Why do we get excited by rockets? Because they can accidentally kill us, I suppose. You mention that they are effective weapons of terror but not of real destruction. Unless, of course, you happen to have one land on you or someone you care about. It hardly seems like simple propaganda for an antagonistic nation to continue the development of a ballistic missile program that includes launches that fly over my home and my family, from my perspective. If such missiles were flying over the U.S. I can only imagine what kind of hysteria would ensue.

All that said, I thought that Gates, Obama and Clinton, etc. were fairly hysteria free these past few weeks. Then again, they do have other issues on their minds at the moment, which is one of the many reasons for the timing of this latest launch I'd imagine. Hopefully, they were at a minimum reassuring the Japanese of our commitment to their defense away from the cameras.

Anonymous said...

Some thoughts on the NK rocket launch. I saw John Bolton, last UN ambassador under Bush and staunch neo-con advocate of regime change, on Fox News discuss the missile launch. He seemed rather calm (hard to judge I know due to his stoic public demeanor). He pointed out to the excited Fox interviewer that China is about the only country that can influence N Korean behavior without use of military force. Also saw (on CSPAN)UN ambassador Takasu (Japan) and Rice (US) make their points about the UNSC emergency meeting. As expected they emphasized that NK was in violation of UN resolution 1718. Takasu was excited and indignant but did not reveal much except to admit that under other circumstances NK had the right to peaceful launch of satellites. Rice was calmer and kept to the proceedings and results of the UNSC meeting.
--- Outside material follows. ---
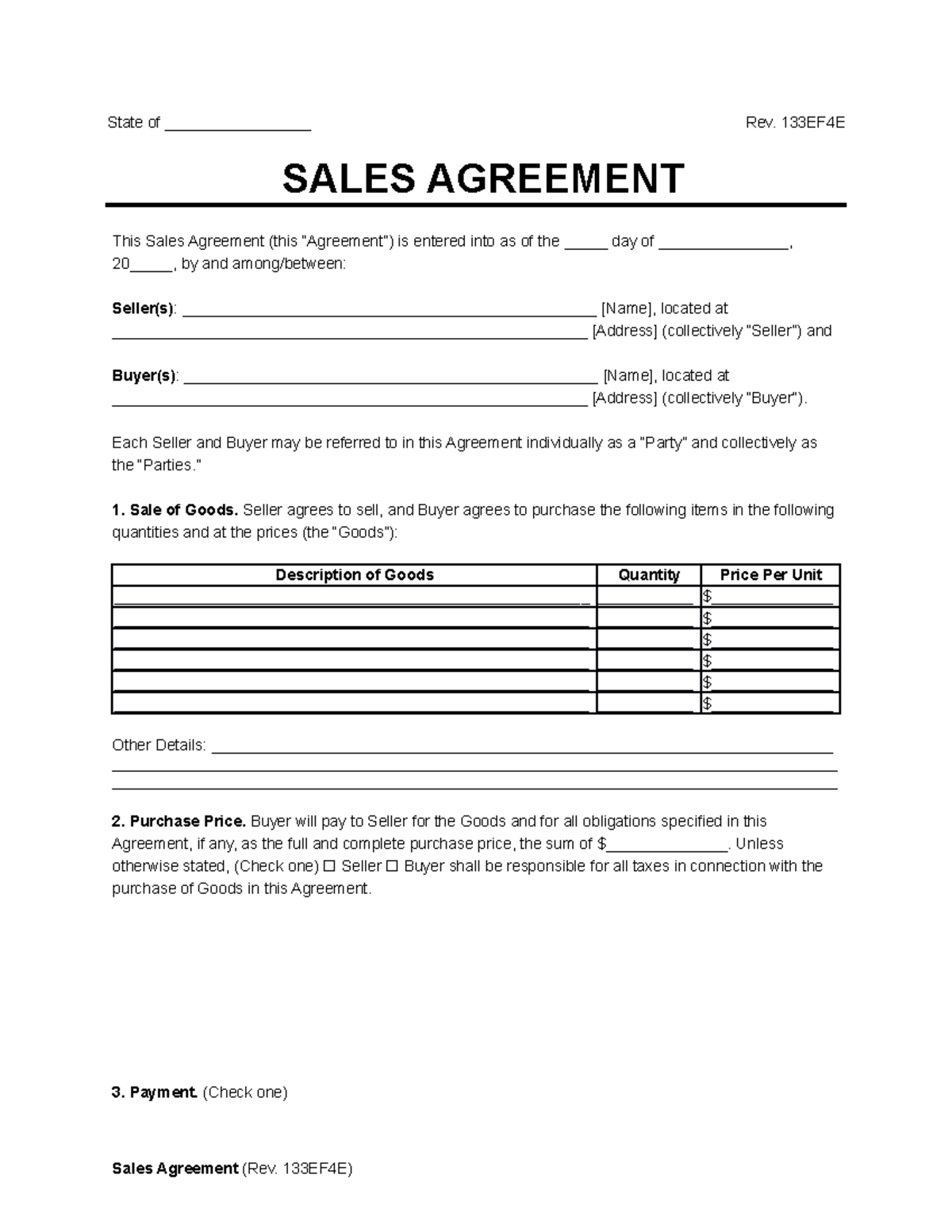 Sales-agreement - sales agreement - State of _________________ Rev ...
The newspapers said that NK claimed it successfully launched an orbiting vehicle in space but I have yet to get any more information on this crucial point. Yesterday, I saw the CNN special report on the impending launch. There was a lot of heat but little light until star international reporter Christiane Amanpour pointed out her outstanding report about touring the Yongbyon reactor last year, witnessing its decommissioning and the spectacular explosion that leveled the cooling tower component.

Anonymous said...

The bruhaha created by a rocket, the direction of launch which would have had to pass over Japan were it to finish somewhere in international waters, results in failed Security Council resolution reinforcing North Korean behavior, as it tests and reassures them of China and Russia's historical connectedness however reluctant to the regime. In the meantime it exposes the error prone and bungling authorities in Japan's defense, and were it not for trust in general political cynicism, undoes much of the unity shown in the just finished G20. Little less alarm would have resulted in much less reinforcement for N Korea to continue to behave as a hostile actor. Ballistic missiles are propaganda weapons. If destruction and delivery is the objective an anonymous shipping container is much more effective. On the other hand anonymous delivery of destruction has no political purpose other than one that is totally anarchical. N Korea does more harm shipping amphetamines than with their ballistic missile program.